I have, a few times, and I don’t like it, despite the fact that I get my best results there.
What causes the late nighters?
Sometimes the nature of work just gets busy and forces us to stay behind. You roll with the punches, as they say.
But more often than not, for a lot of us neurodivergents, especially ADHDers, it’s because we’ve procrastinated, been distracted, or gotten overstimulated by our sensory environment. Which we’ll get into today.
My Story
Early in my career (undiagnosed neurodivergent), we did five days in the office. There was constant background noise, and I felt overstimulated and overwhelmed; focus was a real challenge some days.
Deadlines were looming, and I didn’t want to miss them, so that meant staying behind while everyone else headed home. I envied them!
But I was amazed at how well I could lock in (hyperfocus) once the office emptied out. No distractions, no noise, just a quiet, blissful flow state.
I remember thinking: if only I could tap into this mode during work hours, I could get so much done without it eating into my after-work time. If only it were that simple, right?
Many neurodivergents also have delayed circadian rhythms. Melatonin rises later, so energy and clarity often peak in the evening or night when the world quiets down. Fewer interruptions + natural alertness spike = easier flow state.
Fast forward to having a family, staying late isn’t sustainable, not if I want to be present.

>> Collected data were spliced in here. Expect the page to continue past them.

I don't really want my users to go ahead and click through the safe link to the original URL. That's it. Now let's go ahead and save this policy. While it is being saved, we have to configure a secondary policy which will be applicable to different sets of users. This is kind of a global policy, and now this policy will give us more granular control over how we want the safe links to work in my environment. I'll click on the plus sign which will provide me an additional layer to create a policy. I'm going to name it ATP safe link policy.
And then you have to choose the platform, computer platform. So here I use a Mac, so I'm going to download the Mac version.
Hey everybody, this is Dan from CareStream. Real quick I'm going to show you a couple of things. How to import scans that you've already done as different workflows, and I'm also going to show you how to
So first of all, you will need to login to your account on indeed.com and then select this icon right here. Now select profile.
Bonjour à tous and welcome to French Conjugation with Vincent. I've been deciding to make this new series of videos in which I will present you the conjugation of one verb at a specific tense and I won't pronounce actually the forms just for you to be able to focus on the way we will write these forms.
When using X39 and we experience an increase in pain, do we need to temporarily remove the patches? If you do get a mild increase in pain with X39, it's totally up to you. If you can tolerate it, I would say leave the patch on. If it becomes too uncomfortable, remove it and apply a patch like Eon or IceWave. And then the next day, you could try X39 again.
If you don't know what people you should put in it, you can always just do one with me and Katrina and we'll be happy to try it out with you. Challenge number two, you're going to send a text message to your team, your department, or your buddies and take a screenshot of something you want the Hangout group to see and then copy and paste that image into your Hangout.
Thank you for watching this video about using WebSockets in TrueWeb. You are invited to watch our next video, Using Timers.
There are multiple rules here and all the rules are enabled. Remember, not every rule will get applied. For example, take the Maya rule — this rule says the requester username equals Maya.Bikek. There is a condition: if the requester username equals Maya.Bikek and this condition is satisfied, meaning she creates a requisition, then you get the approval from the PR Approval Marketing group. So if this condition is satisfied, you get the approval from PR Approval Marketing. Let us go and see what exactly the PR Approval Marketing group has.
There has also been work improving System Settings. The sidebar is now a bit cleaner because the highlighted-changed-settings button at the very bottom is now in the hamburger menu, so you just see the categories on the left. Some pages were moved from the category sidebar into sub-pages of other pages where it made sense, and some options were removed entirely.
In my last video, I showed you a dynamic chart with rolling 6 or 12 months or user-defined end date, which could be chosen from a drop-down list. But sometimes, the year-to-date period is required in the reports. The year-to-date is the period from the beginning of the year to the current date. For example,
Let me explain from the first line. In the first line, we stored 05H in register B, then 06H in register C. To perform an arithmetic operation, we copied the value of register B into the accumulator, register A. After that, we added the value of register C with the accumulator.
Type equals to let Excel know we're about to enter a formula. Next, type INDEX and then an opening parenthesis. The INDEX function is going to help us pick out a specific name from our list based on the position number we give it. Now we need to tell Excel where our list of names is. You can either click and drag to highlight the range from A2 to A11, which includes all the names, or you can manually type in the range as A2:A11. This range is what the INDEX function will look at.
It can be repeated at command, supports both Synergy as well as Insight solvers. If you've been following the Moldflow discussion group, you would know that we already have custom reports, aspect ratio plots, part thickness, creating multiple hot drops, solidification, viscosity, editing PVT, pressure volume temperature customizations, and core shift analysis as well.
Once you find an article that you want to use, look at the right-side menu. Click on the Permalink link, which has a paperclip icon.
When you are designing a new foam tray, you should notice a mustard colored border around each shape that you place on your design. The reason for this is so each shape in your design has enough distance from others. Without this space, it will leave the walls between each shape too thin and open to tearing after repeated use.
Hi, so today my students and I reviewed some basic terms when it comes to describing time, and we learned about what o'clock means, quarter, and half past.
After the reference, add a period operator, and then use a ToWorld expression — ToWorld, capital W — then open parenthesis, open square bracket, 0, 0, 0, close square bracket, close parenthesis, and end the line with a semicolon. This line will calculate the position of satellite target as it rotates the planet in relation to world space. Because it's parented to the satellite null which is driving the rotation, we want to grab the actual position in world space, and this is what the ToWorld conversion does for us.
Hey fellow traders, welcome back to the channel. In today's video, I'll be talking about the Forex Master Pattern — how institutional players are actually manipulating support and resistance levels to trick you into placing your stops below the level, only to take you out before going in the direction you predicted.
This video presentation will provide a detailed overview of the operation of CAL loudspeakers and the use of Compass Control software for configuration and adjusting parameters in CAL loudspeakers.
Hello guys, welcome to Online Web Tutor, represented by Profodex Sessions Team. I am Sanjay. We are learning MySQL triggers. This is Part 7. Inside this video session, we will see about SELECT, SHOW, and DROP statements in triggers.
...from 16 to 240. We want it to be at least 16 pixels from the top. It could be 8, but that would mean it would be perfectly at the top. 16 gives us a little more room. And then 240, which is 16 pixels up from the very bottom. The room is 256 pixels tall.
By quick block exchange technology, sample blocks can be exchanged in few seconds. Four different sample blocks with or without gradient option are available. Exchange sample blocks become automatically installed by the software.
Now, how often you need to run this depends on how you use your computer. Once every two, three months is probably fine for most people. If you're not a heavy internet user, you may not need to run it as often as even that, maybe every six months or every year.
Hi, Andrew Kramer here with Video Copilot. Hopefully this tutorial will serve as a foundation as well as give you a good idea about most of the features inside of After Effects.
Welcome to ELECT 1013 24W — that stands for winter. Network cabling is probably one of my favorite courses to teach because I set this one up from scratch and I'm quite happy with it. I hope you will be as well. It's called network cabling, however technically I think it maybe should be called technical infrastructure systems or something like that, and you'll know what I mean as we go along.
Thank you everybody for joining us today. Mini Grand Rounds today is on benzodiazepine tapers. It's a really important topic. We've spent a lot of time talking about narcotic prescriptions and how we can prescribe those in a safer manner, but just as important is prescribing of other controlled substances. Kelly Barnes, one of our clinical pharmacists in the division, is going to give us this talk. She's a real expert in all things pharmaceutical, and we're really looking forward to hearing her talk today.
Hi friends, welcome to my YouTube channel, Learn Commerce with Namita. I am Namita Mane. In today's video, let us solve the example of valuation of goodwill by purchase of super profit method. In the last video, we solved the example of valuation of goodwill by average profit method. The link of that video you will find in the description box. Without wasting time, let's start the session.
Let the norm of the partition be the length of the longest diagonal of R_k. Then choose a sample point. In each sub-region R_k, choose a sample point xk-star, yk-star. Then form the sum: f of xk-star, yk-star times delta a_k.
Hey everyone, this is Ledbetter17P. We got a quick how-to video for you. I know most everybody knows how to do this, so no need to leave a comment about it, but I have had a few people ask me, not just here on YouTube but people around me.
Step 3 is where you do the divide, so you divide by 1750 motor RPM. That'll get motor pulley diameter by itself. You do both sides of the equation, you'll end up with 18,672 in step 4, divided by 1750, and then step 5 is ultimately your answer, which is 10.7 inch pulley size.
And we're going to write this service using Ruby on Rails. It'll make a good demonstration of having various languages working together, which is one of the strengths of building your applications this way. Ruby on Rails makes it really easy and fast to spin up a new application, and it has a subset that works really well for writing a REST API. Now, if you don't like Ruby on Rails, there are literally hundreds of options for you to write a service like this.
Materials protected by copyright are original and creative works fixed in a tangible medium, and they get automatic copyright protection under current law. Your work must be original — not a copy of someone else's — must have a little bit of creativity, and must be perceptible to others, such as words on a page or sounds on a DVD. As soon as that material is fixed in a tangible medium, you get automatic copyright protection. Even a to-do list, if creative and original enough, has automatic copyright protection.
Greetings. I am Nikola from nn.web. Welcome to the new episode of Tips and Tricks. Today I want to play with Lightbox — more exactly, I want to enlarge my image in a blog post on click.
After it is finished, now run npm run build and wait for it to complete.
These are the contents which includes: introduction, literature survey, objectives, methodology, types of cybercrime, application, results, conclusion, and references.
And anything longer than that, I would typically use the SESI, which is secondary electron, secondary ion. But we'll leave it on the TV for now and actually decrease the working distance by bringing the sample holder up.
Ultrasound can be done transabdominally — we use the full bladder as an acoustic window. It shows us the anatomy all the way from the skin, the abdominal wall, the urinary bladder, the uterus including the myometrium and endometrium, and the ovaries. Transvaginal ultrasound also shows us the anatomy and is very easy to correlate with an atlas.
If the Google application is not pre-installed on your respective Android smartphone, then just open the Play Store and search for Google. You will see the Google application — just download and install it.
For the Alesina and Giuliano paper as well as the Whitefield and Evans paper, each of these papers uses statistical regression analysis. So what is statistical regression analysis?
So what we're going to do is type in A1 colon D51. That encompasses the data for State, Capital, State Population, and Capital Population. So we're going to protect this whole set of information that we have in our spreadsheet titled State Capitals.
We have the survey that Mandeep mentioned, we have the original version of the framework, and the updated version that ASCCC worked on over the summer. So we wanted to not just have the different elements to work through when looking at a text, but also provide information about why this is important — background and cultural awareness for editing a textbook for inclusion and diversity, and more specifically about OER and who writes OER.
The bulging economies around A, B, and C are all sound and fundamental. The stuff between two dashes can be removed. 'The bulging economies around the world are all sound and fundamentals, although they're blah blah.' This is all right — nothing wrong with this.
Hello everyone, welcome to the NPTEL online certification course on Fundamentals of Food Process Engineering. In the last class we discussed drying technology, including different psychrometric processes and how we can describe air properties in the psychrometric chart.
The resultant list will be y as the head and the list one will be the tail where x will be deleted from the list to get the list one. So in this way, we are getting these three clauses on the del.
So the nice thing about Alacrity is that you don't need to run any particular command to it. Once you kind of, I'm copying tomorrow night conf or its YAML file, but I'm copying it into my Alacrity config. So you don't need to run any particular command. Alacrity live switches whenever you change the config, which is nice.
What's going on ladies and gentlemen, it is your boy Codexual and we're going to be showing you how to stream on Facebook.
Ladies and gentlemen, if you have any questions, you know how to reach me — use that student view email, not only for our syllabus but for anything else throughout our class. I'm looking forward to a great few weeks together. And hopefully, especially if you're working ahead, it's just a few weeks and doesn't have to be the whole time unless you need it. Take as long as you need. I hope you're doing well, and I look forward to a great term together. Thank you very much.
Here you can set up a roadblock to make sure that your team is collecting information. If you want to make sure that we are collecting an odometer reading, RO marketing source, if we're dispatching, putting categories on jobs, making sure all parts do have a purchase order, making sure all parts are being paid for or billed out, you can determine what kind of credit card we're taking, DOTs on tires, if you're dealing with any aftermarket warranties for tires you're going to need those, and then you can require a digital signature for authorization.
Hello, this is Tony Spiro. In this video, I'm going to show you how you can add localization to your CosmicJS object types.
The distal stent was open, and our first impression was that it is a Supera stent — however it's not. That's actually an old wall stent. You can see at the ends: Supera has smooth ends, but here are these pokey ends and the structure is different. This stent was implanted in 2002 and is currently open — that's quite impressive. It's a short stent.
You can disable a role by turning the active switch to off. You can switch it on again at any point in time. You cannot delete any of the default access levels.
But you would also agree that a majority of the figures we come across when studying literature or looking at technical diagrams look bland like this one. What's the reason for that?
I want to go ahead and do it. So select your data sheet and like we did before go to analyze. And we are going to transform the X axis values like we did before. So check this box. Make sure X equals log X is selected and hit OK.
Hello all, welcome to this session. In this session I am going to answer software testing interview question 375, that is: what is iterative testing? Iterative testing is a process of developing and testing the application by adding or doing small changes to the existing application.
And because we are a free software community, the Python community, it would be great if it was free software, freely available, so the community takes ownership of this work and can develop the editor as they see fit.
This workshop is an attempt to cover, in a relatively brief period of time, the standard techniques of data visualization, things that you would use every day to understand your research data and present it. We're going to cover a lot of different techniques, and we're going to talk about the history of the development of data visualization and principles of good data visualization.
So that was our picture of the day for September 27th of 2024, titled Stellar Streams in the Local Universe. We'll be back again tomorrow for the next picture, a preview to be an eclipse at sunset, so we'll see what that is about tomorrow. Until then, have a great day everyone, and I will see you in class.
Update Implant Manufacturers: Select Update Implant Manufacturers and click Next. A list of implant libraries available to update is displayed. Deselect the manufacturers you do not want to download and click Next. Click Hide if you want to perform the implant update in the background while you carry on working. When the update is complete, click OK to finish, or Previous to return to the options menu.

Practical Suggestions: Prep for Peak Performance
I’ve learned I perform best in off-peak (quieter) hours. Here’s what helps:
1) Front-load meaningful work
Prep key tasks the evening before or early same day. Build momentum so you can “plough through” even when the day gets chaotic. “Lay your bed” the night before!
2) Create flow during work hours
Mimic evening conditions. Use noise-cancelling headphones, block time for deep work, or find quiet spots. Short movement breaks, Pomodoro-style timers, and minimizing open tabs can help trigger focus.
ADHD brains tend to under-respond to routine, low-stakes tasks, but a clear plan waiting from the night before removes the friction that usually invites procrastination.
A few things that help me “lay my bed”:
1) Pick the one task that actually matters and prep it the night before: file open, notes ready, first step written down so there’s zero friction in the morning.
2) Protect one quiet block during the day, even 30 minutes, and treat it like a meeting you can’t skip.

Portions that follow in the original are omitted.